Vines flower with radical discretion. My second visit to Bordeaux this year coincided with the beginning of flowering: that shy lifting of the cap (in fact a fused bonnet of petals), revealing the five yellow pollen-dusted stamens and the green pistil (composed of stigma, style and ovary) at their heart.
Inflorescences about to open at Chateau d’Yquem Andrew Jefford ©
This is when our beloved hermaphrodite craves still, warm weather — so that, at some private exquisite moment, the tiny pollen grains can waft down from the stamens towards the receptive, sticky stigma. This is vine sex: ideally a swift and torrid (if almost invisible) vineyard orgy.
Once the pollen has penetrated the style and fertilised the ovary, vineyard owners are on track to harvest the irresistible flesh and juice with which the seeds are eventually packaged. Alas, the rain flailed down and the wind shook the plants to their roots: hardly orgy weather. The world may just have recorded its warmest April on record, but May in Bordeaux closed with a chill in the air.
Difficult flowering conditions weren’t the only anxiety up and down the quaysides. Yet again, Bordeaux has overpriced its latest offer: the weakest set it had offered the market for two decades. Uptake has been weak: these are wines whose main appeal should have been as bargains. As of last week, Farr Vintners (with Berry Bros, one of the two main en primeur merchants in the UK) had sold just £1.3 million’s worth of 2013s, compared to almost £70 million’s worth of 2009s en primeur, and almost £36 million’s worth of 2010s. There are persistent rumours that some Bordeaux négociants are on the brink of failure. A fourth successive unattractive Bordeaux vintage would send them toppling.
These visits gave me a chance to talk to those on both sides of the producer-négociant divide. Trust between the two seems to be evaporating, with some négociants feeling that the owners are living in a Gatsby-esque world of international dinners, label signing and adulation, whereas the sales reality (from which they are insulated by Bordeaux’s two-tier system) is of slack demand and baulking purchasers. Bordeaux 2009 and 2010 are two of the greatest vintages in the region’s history – yet in times of revived global prosperity and an equity boom, and after three weaker vintages, the UK’s leading supermarket chain still found it necessary to discount the 2009 wines of four of the five First Growths a little earlier this month.
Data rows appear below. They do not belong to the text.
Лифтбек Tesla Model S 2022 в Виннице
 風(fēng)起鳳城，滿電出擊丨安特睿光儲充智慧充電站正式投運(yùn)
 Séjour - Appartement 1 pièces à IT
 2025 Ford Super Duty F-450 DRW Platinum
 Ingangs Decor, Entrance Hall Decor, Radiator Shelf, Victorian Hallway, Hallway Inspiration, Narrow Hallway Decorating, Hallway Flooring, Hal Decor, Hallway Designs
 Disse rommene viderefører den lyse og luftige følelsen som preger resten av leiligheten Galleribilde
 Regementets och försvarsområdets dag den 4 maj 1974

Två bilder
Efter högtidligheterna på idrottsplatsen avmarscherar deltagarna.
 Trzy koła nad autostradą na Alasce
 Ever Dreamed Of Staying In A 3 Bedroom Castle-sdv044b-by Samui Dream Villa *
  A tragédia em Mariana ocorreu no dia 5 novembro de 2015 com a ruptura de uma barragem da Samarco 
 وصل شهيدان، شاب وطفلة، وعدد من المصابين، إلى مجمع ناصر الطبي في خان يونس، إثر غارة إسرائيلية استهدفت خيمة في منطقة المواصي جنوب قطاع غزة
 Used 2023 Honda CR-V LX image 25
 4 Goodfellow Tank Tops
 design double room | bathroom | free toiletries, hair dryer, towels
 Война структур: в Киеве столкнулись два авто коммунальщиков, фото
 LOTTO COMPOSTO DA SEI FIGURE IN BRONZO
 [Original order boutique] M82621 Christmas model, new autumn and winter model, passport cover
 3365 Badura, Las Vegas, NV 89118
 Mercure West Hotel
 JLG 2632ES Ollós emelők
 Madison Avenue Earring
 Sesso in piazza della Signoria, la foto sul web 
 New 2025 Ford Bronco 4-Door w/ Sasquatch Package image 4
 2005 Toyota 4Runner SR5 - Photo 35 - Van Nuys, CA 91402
Lingering disinterest of this order is without parallel during any of the Bordeaux crises of the past 30 years.
Wine investment funds, too, continue to cause disquiet, and are regarded – at least by Bordeaux’s old school — as suspiciously disruptive of the long and healthy tidal relationship between producers and drinkers. The China bubble, prior to President Xi’s anti-corruption drive, was of course a major factor in Bordeaux’s recent gross price inflation, but the funds have played their part, too. There are rumours that a major South Korean fund will begin selling soon, taking yet more stocks back onto a market hardly panting for them. Red-blooded investors will surely be losing patience with the weak pulse of the wine funds at a time when opportunities elsewhere beguile.
Meanwhile, and perhaps paradoxically, land prices in the best parts of Bordeaux continue to soar. The fact that François Pinault and his Groupe Artemis has recently arrived in Pomerol (via a significant shareholding in the Guichard-Goldschmidt group of properties: Siaurac in Lalande-de-Pomerol and Le Prieuré in St Emilion as well as Vray Croix de Gay in Pomerol itself) has caused alarm in an area where the small size of properties traditionally allowed family ownership to flourish and endure. Recent Pomerol transactions suggest that land there is now worth three million euros a hectare, more even than Pauillac; some purchasers are rumoured to be ready to pay up to a million more than that. These prices put local families well out of the game.
A linked phenomenon on the left bank is ‘the disappearing cru bourgeois’, particularly in the Médoc’s leading communes. The second (or third) wines of leading Bordeaux properties are never called ‘Château’ this or that: they simply carry brand names. Those coat-tail brands, however, give them an earnings capacity notably in excess of what any independent cru bourgeois could ever hope for. Any land for sale can be snapped up by big properties even if they know that it stands no chance of inclusion in a grand vin – since it will bulk out the brands which those properties can force-sell (by tying any purchase of the grand vin to much larger quantities of the lesser wines).
The gloom isn’t total, of course; in most years, Bordeaux continues to produce colossally more fine wine, and wine of better balance, complexity, intrigue and ageing potential, than anywhere else in the wine world. There are many fairly priced wines from middle-rank recent vintages (especially 2011, 2008 and 2006) which offer excellent value. One day, the great vintages will be back; one day, the slack will wash out of the system. Perhaps, though, not soon.